**WORK TO BE COMPLETED**
Quote the listing below in full and exactly as written, but omit every picture.

**MATERIAL FOR THE TASK**
######

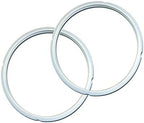 Instant Pot 2-Pack Sealing Ring 5 & 6-Qt, Inner Pot Seal Ring, Electric Pressure Cooker Accessories, Non-Toxic, BPA-Free, Replacement Parts, Clear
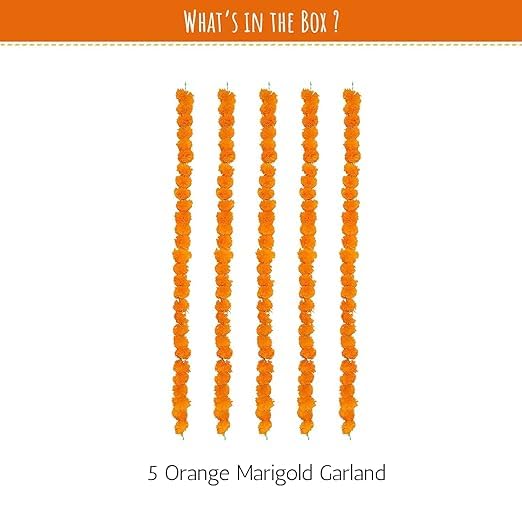 Diwali Marigold Decor Kit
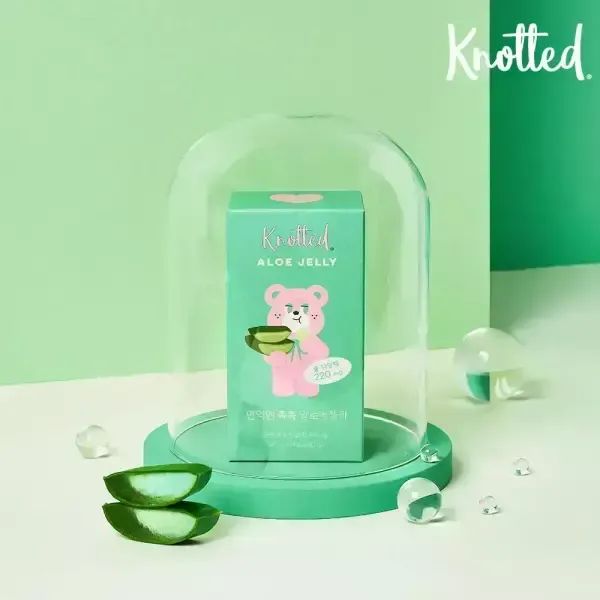 상품 이미지: [내일도착] 노티드 면역엔 알로에 젤리스틱 14포 2박스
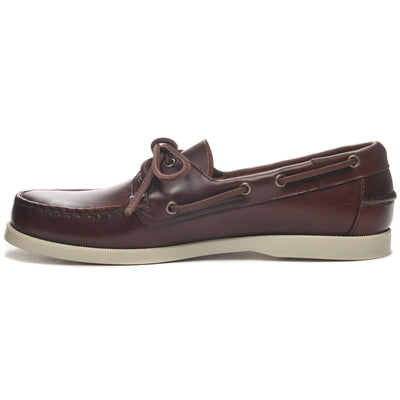 Docksides Man PORTLAND VEG TOTAL HT Mocassin DK BROWN Dressed Side (jpg Rgb)		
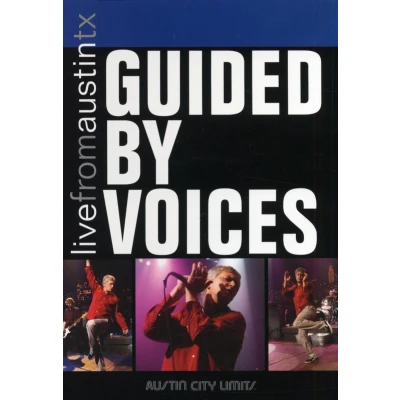 Afbeelding van Guided By Voices Live from Austin Texas (DVD)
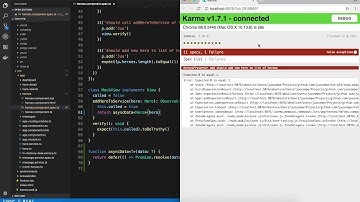 Mocking Observable in unittests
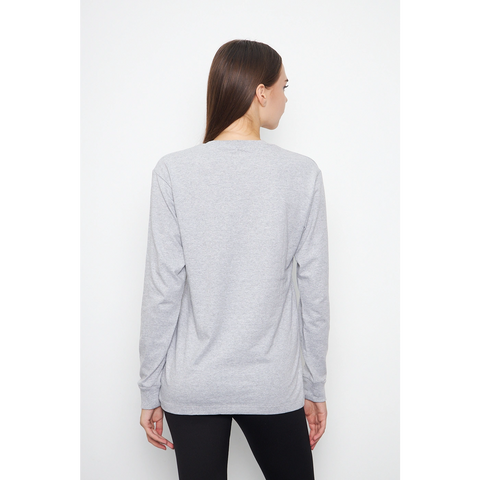Grey Full Sleeves Tshirt | Montivo Pakistan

######

**WRITTEN SOLUTION**
 Instant Pot 2-Pack Sealing Ring 5 & 6-Qt, Inner Pot Seal Ring, Electric Pressure Cooker Accessories, Non-Toxic, BPA-Free, Replacement Parts, Clear
 Diwali Marigold Decor Kit
 상품 이미지: [내일도착] 노티드 면역엔 알로에 젤리스틱 14포 2박스
 Docksides Man PORTLAND VEG TOTAL HT Mocassin DK BROWN Dressed Side (jpg Rgb)		
 Afbeelding van Guided By Voices Live from Austin Texas (DVD)
 Mocking Observable in unittests
Grey Full Sleeves Tshirt | Montivo Pakistan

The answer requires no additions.